He has served in various operational and staff assignments, including commander of US Air Force Forces deployed to Middle East locations under the United States Central Command; where, from 1995 to 2006, he was mobilized and deployed to Bosnia, Kosovo, Kuwait, Iraq, Jordan, Oman, and Pakistan. He has commanded a squadron, operations group, and fighter wing.

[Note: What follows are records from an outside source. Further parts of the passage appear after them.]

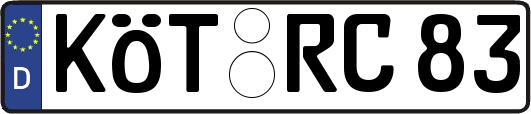 KÖT-RC83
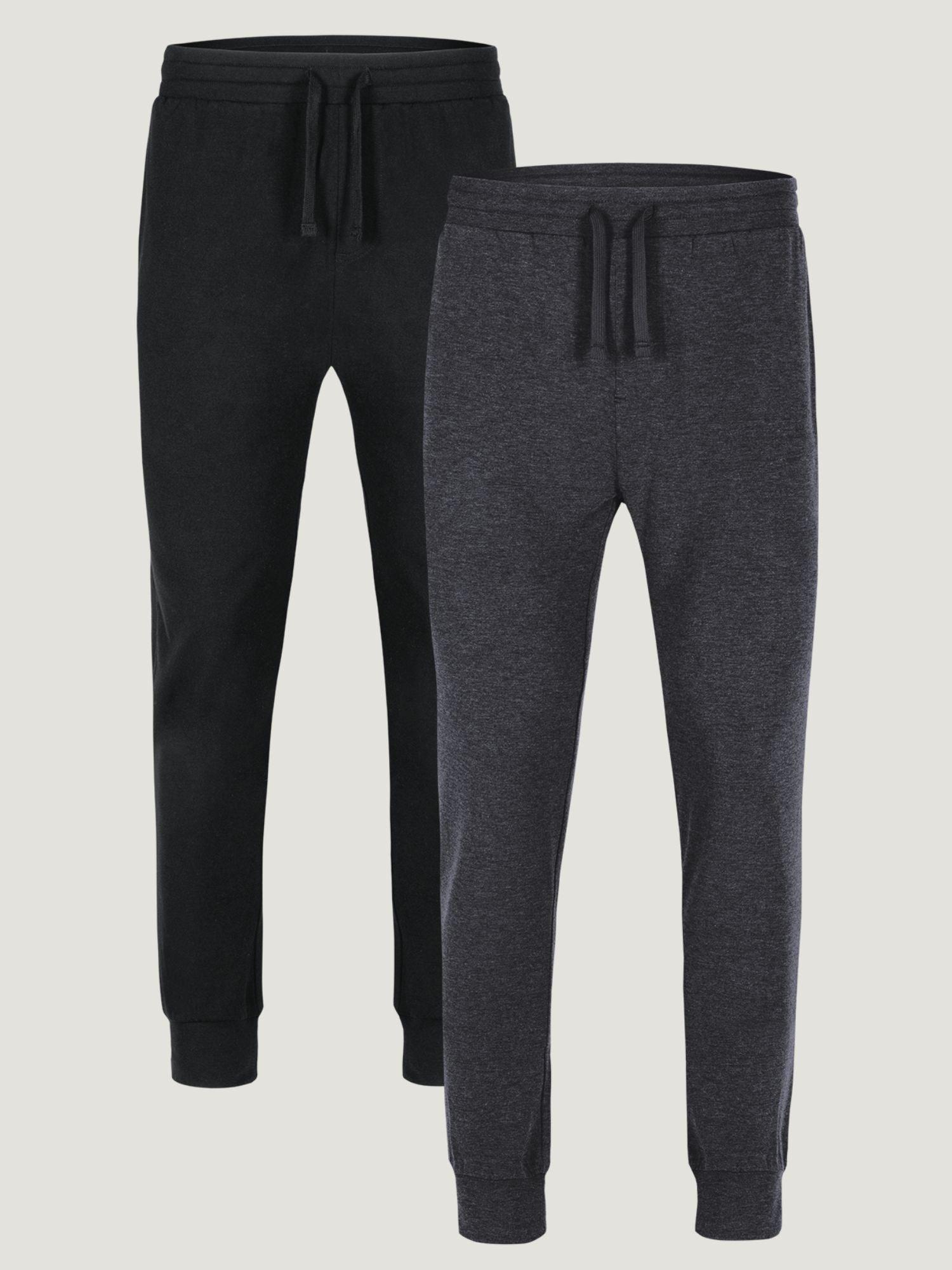  Black + Charcoal Day Off Jogger 2-Pack FINAL SALE、mySite、ghnorth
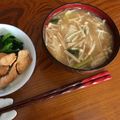 Ruriluru's cooksnap of when they made そうめん味噌汁.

He previously served as the assistant adjutant general for air, and commander of Massachusetts Air National Guard, chairman of the Air Guard Force Structure and Modernization committee of the Adjutants General Association of the United States (AGAUS), as the association's secretary, as a member of the Reserve Forces Policy Board for the Department of Defense, and has served on several General Officer Steering Committees for the National Guard.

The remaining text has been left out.